Ingredients
4 cups broccoli, coarse ends peeled and cut into long spears
1 cup walnuts, toasted and rubbed to remove skins
2 T olive oil
1 onion, diced
2 cloves garlic, minced
1 t red pepper flakes (or to taste)
1 t tarragon (or basil)
1/4 cup white wine or juice of 1 lemon
1 cup chicken broth
salt and pepper to taste
1/2 lb pasta (butterflies or campanelle work well)
grated parmesan cheese
Preparation
Toast walnuts in 350 oven for about 7 minutes. Cool briefly then rub in a kitchen towel or paper towels to remove skins - some skin will remain, that’s ok, but it you don’t rub them your sauce will turn purple! Coarsely chop and set aside. Bring large pot of salted water to boil. Blanch broccoli for 3 minutes.

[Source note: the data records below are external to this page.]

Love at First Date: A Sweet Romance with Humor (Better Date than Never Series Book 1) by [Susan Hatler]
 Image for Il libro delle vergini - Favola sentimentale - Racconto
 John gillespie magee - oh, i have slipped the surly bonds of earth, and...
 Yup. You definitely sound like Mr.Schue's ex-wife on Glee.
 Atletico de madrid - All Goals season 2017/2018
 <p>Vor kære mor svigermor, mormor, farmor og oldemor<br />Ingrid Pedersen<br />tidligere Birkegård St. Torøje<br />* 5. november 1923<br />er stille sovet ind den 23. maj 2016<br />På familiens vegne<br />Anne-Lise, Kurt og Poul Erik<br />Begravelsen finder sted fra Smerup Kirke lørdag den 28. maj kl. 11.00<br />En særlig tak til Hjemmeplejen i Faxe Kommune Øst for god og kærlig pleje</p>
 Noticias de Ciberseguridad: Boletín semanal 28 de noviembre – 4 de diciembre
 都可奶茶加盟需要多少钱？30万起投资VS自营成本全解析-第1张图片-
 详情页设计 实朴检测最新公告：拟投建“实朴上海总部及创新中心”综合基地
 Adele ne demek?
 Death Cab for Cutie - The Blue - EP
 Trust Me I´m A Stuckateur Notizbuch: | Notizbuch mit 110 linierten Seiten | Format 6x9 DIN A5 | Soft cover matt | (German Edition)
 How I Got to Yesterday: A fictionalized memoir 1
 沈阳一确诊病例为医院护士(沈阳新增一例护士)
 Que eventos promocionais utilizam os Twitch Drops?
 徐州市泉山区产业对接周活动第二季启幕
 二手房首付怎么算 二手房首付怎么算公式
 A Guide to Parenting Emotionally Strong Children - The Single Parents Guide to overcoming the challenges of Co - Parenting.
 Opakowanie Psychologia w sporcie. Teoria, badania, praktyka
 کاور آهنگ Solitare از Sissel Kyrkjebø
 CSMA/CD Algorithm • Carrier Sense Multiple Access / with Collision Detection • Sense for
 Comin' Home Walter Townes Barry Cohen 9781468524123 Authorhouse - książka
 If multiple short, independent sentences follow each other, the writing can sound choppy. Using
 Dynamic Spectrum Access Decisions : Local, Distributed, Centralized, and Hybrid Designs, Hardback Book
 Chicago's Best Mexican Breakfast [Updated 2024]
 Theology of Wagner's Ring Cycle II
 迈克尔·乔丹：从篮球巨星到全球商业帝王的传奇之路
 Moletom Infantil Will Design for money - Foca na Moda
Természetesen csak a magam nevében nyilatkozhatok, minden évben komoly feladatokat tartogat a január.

Scoop out and rinse under cool water then coarsely chop. Add pasta to boiling water and cook according to package directions. Heat oil in large sauté pan. Add onion and garlic and cook for about 5 minutes until tender. Sprinkle in pepper flakes and stir. Add tarragon then immediately put in chopped broccoli and stir. Pour in wine and broth and simmer for 5 minutes. Taste for salt and pepper then add drained pasta. Toss and heat through. Serve with grated parmesan.